Eat 3 leaves as soon as the leaves of the dandelion sprout every morning before breakfast. Chew these until no bitterness is felt, then swallow them. Dandelion stimulates especially the bile activity and helps the liver. You can also make tea from the leaves or dig up the roots, dry them and process them into dandelion coffee.
The roots of the dandelion are cleaned, minced and dried. Then you can roast the dried roots as needed in a pan without oil and then grind. Now you can prepare coffee as usual. With cinnamon and cocoa, the coffee can be refined.
The stinging nettle purifies the blood and stimulates kidney activity. Stinging nettle is great for pesto or nettle quiche, etc. But watch out, too much of it can hurt the body and irritate the kidneys too much. Therefore, nettle tea should not be drunk for more than three weeks.

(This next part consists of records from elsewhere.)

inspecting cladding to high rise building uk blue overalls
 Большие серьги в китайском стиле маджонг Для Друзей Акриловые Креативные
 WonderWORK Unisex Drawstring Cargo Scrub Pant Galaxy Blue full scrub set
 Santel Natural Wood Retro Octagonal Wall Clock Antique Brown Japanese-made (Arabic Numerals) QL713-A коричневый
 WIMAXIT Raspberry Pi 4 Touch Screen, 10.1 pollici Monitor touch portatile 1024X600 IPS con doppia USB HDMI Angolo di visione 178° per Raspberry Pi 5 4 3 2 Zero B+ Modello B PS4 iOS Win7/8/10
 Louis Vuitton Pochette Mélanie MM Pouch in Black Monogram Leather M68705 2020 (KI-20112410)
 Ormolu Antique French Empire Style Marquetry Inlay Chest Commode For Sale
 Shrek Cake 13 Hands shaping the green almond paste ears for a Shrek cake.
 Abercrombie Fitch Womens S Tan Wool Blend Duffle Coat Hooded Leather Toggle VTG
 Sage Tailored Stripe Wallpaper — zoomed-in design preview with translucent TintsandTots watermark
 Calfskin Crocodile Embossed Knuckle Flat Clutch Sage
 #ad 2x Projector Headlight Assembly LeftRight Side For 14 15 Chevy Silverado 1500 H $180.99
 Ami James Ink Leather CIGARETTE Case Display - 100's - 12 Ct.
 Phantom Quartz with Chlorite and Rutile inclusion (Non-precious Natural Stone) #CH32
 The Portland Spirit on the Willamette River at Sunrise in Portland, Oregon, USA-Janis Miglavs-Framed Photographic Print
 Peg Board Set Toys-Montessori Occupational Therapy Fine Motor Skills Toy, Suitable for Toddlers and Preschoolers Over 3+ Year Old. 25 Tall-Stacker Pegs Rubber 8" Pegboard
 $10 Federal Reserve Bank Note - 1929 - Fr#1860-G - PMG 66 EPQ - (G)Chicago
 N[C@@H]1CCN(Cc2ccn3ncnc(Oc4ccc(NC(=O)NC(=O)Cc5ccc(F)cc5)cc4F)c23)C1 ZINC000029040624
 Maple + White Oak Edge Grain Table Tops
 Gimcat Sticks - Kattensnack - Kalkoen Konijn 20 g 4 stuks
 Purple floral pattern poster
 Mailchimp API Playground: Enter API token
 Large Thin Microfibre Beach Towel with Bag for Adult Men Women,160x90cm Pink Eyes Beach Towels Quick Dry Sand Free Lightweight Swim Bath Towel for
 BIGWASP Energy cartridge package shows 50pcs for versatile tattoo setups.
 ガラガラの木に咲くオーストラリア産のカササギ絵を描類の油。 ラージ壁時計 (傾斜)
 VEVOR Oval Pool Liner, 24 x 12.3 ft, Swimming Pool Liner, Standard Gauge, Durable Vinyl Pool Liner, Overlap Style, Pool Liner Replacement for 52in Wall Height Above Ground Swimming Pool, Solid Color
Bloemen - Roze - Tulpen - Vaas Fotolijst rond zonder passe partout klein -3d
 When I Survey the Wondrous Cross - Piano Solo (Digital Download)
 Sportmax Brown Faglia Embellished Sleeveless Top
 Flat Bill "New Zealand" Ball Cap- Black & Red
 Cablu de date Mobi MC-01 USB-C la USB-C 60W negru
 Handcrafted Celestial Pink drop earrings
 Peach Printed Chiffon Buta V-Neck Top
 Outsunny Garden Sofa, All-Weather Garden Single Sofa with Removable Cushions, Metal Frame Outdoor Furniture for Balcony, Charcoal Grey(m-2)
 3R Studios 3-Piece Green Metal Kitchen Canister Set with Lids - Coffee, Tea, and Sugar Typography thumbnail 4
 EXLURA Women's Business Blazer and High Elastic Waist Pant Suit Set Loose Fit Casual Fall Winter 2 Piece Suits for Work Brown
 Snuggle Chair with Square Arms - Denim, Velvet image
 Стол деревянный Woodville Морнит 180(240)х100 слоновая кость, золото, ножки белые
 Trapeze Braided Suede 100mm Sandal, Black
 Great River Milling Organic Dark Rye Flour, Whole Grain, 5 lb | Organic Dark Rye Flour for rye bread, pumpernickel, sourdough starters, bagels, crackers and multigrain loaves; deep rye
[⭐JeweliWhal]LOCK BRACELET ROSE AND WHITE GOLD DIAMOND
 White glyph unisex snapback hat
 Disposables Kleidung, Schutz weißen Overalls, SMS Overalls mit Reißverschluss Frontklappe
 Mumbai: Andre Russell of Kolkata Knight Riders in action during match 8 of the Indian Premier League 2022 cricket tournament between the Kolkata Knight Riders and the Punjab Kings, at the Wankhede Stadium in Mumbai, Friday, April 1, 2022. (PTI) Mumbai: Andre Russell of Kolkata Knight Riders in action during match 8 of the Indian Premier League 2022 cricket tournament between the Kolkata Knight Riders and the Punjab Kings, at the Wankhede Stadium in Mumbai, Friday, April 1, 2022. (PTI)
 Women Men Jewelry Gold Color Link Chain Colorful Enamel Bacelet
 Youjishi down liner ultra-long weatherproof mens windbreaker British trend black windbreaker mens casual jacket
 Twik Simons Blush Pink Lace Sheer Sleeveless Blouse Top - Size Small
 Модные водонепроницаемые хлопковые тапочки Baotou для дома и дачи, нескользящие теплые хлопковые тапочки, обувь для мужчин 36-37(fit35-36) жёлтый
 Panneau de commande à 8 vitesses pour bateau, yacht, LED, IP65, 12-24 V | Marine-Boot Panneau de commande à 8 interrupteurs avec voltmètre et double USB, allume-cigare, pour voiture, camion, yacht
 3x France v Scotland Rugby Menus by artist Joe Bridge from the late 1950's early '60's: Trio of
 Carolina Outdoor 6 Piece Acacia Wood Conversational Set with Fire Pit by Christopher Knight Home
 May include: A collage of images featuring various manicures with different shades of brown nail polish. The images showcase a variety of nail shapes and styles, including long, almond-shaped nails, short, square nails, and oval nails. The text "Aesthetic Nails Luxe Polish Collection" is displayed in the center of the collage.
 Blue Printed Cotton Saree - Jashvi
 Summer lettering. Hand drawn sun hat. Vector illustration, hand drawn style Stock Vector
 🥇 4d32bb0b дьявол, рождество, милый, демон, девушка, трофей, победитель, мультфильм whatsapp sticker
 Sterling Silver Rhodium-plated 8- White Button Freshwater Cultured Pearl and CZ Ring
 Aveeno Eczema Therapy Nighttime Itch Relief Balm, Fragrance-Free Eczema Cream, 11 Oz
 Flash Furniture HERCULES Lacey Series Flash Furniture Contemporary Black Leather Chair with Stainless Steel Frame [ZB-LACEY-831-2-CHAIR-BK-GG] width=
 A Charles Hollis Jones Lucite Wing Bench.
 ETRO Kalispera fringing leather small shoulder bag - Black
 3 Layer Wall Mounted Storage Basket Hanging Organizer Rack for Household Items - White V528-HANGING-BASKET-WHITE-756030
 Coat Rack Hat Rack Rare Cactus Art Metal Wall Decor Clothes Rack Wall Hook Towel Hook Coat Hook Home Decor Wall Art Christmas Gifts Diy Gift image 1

100 g nettles, 200 g cream cheese, 2 cloves of garlic, some lemon juice, salt and pepper
Mince the nettles, press the garlic, mix all ingredients, season to taste - done!
The Bishop's weed has always been a popular spring plant, has antibacterial, anti-inflammatory, anti-inflammatory, diuretic and fortifying. He is a great wild vegetable / spice and can be used in the kitchen in many ways, as a spread, in soups, in strudels, etc.
Bishop’s weed herb cream
2 cloves of garlic
8 - 12 pieces of rusk
50 young leaves from the bishop’s weed
10 stems of parsley
2 tablespoons white balsamic vinegar
125 ml sunflower oil
100 g curd cheese
Honey at will
Salt, pepper, Tabasco
Crumble the rusk, mince the garlic cloves, clean the yaw, carrots and other herbs and cut them into small pieces. Mix with the mixer, add 2 tablespoons of vinegar and oil. Season with salt, pepper, lemon juice and honey and then finish with the curd cheese and season again.
Fresh tree leaves revitalize our body forces and provide important selenium. Linden leaves fit in every salad and are freshly picked buttery. Have fun detoxifying!